Got a couple cornish hens on deck for roasting tomorrow. I've stuffed birds in the past with citrus, herbs, celery, etc, but the flavor has never come out. Frankly, I think its a waste of money and more of a presentation thing. Seasoning the outside is more important imo. Happy New Years and cheers to a better 2021!
I found ground pasture raised venison from New Zealand in the grocery store. Fucking delicious. I'll take this over beef any day.
What kind of deer? And how much per lb.
I'm mostly abstaining from meats, dairy, fish, etc. for health reasons, but in the store this evening, they had really plump little marbled lamb chops, and they'd knocked $2/lb off, so they were only $4.99/lb.
Had to score them, but they're for another day, when I suspect I'll do a light curry sauce, with veggies, sear the chops first, then make sure they are submerged in the 'sauce' and veggies, and simmer them for a bit. Perhaps have some with some dried garbanzos/rams' heads, soaked, boiled, drained, and lightly seasoned.
For tonight, it was vegan lentils in a chili and curry sauce. Very tasty, someone else made it, it was hot, and thereby suited the bill quite nicely.
I threw out the package, so I'm not sure what kind of deer it was, but it was only $7.99, on sale for $6.99 - - much cheaper than what I pay for the ground bison.
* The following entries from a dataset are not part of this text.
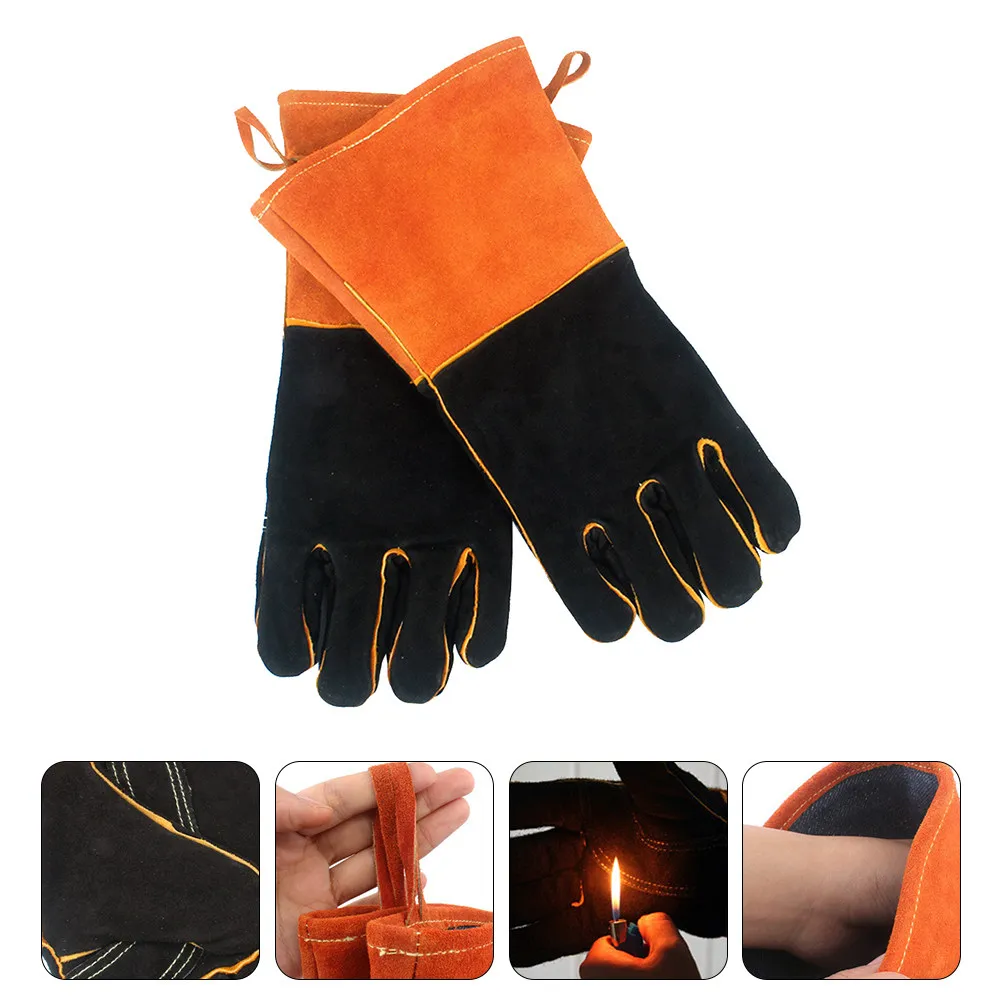 

1Pair Unisex Free Size Barbecue Gloves Premium Cowhide Double-Layer Heat Resistant Outdoor Gloves for Camping Grilling Fire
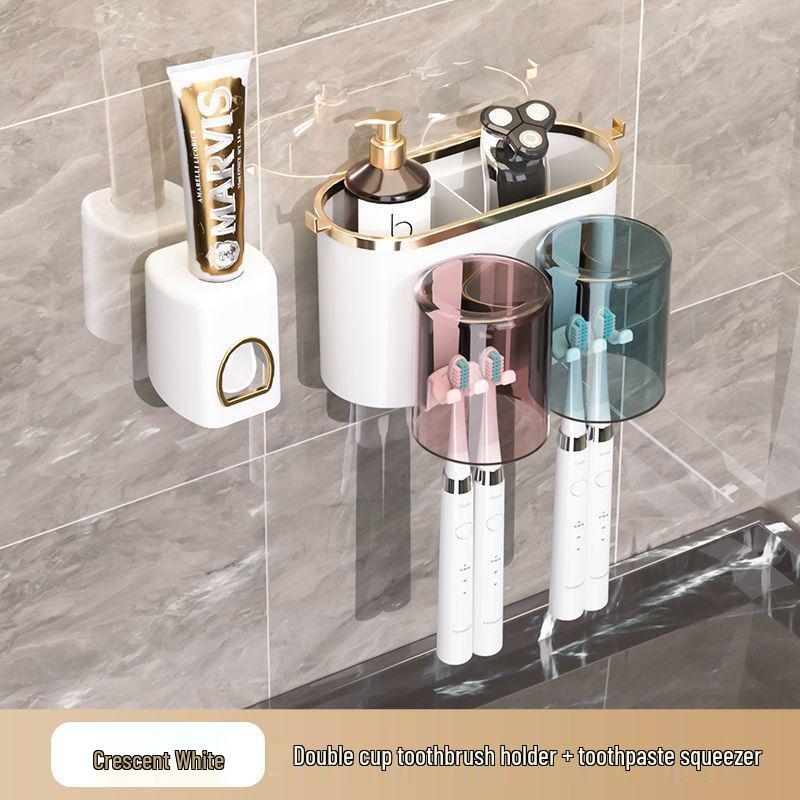 Wall-Mounted Electric Toothbrush and Toothpaste Holder with No-Drill Installation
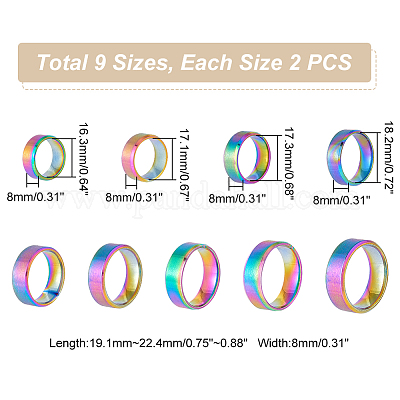 18 шт. 9 стиля из нержавеющей стали широкие кольца для пальцев для женщин и мужчин RJEW-UN0002-53M-1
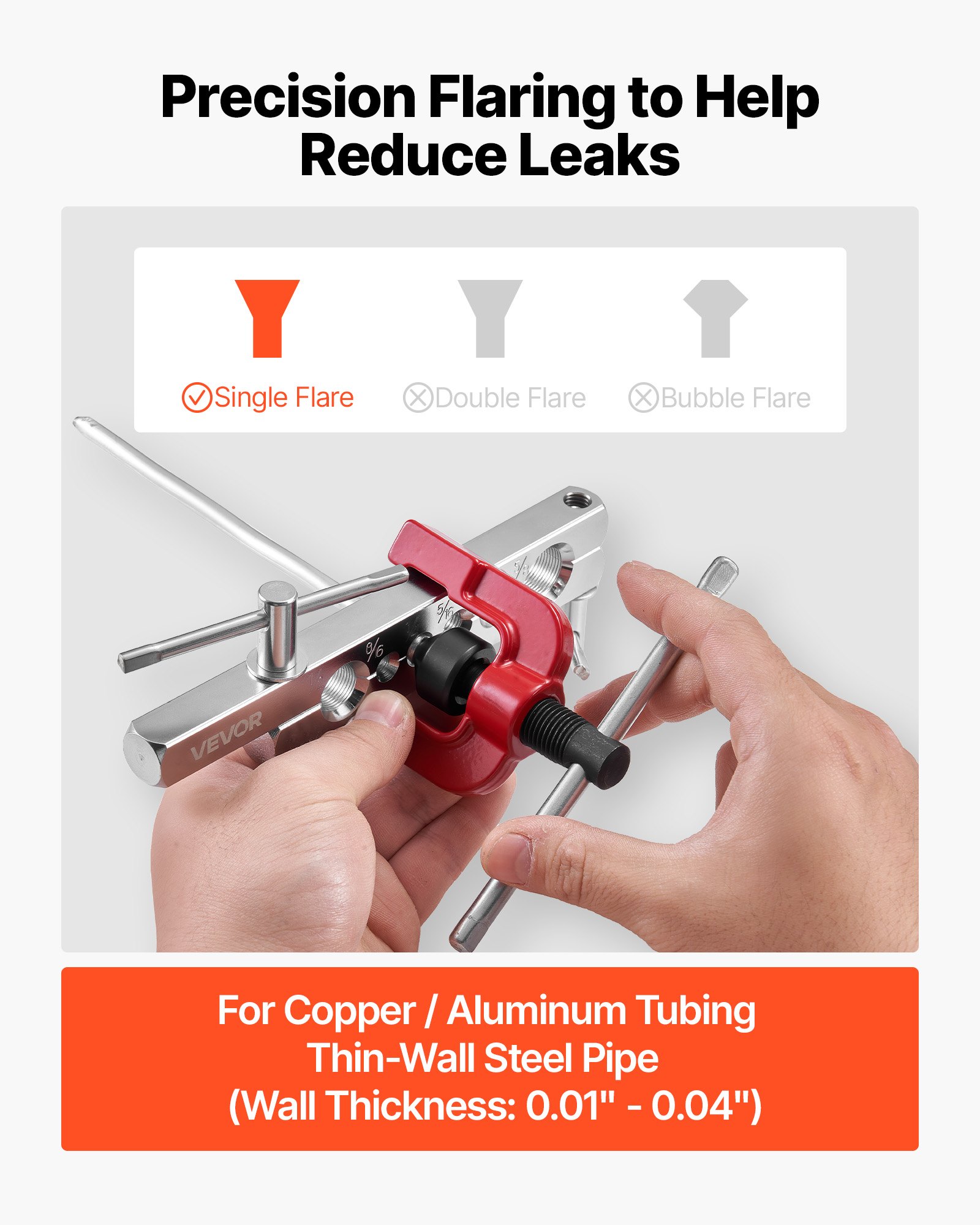 VEVOR 5 tlg. Bremsleitung Bördelgerät Set, 45° Bördelwerkzeug mit 7,6m x 4,76mm Bremsleitung für Einfachbördelung, Rohraufweiter mit 20 Anschlüssen 2 Verbindern & Rohrbieger, Reparatursatz für KFZ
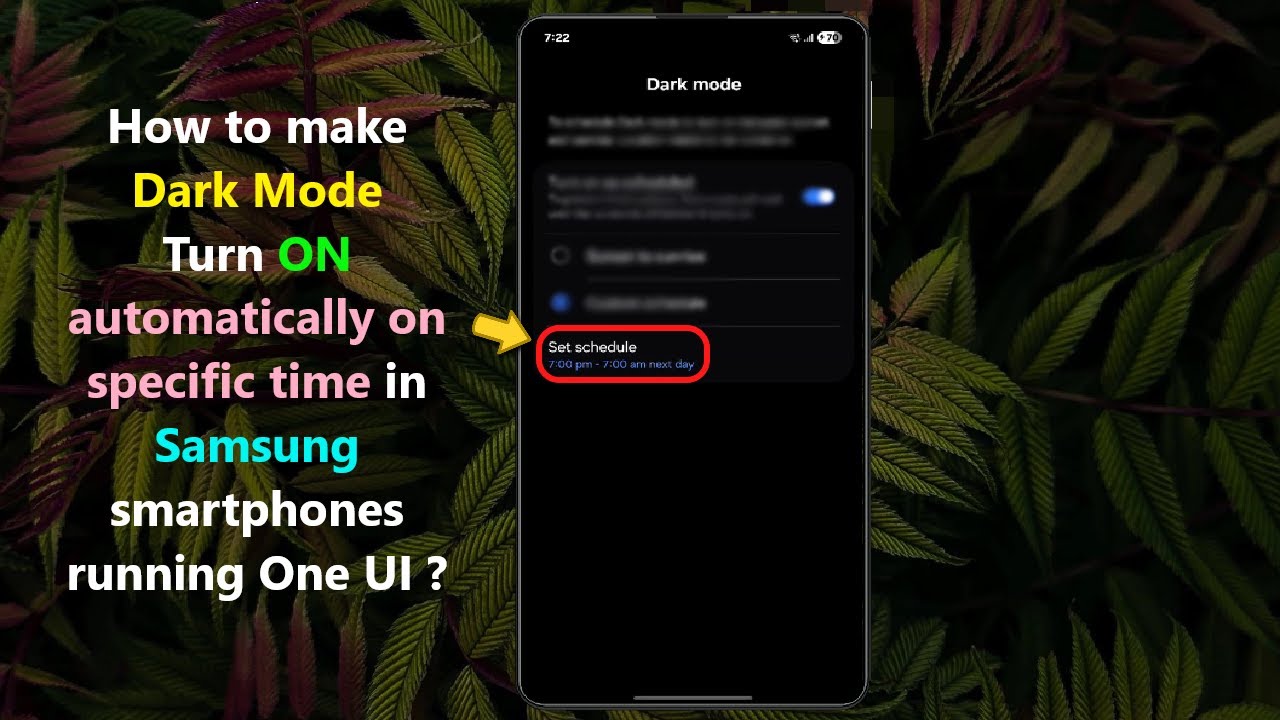 How to make Dark Mode Turn ON automatically on specific time in Samsung ...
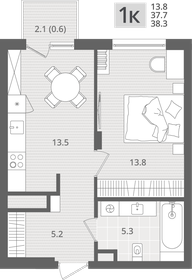 Квартира 38,3 м², 1-комнатная - изображение 1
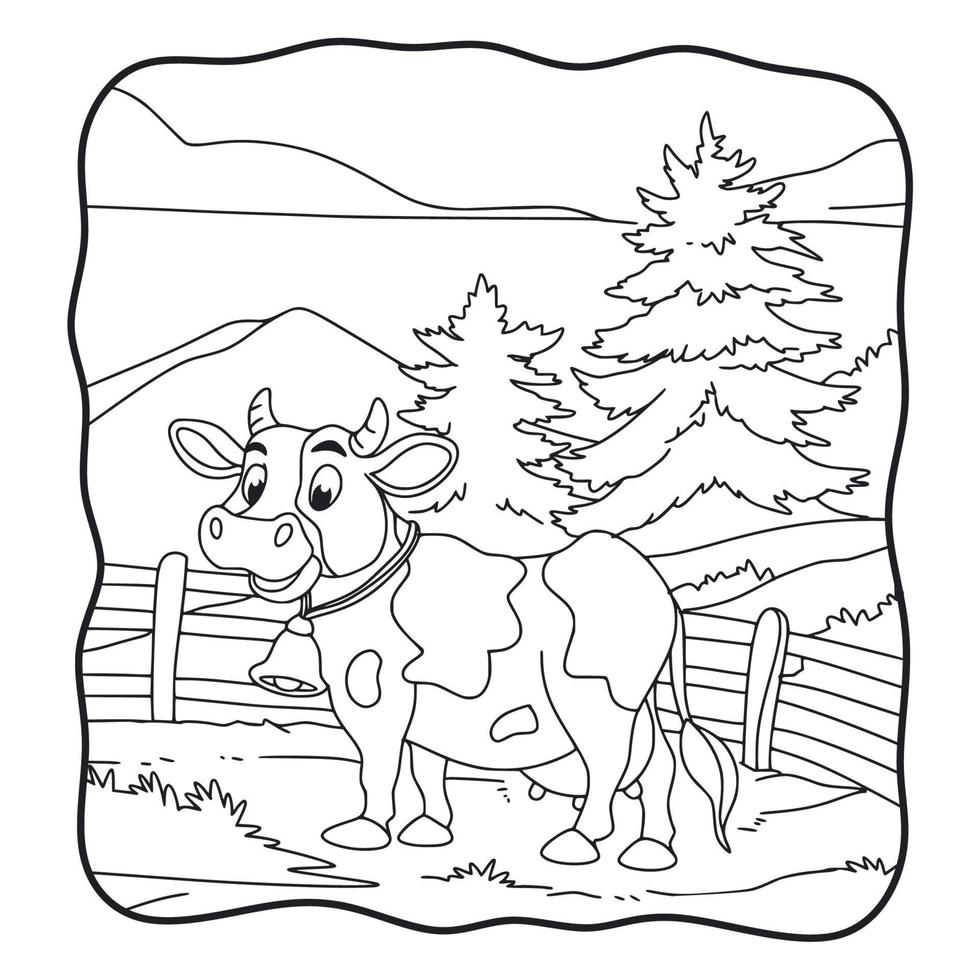 tecknad illustration kon är i ängsboken eller sidan för barn svart och vitt vektor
I've had wild venison many times, so I'm no stranger to the flavor and this stuff impressed me. 95% lean with no hormones or antibiotics.
Gotta love the lamb. We had a leg on x-mas and I'm still thinking about it. And good for you for drastically reducing your meat intake. As someone who has had to make sacrifices in the food department for health reasons, I know it can be tough. Even though I quit plant based, I still try to include as much fiber as possible because its good for the gut! Fuck, I never thought eating could be so complicated lol.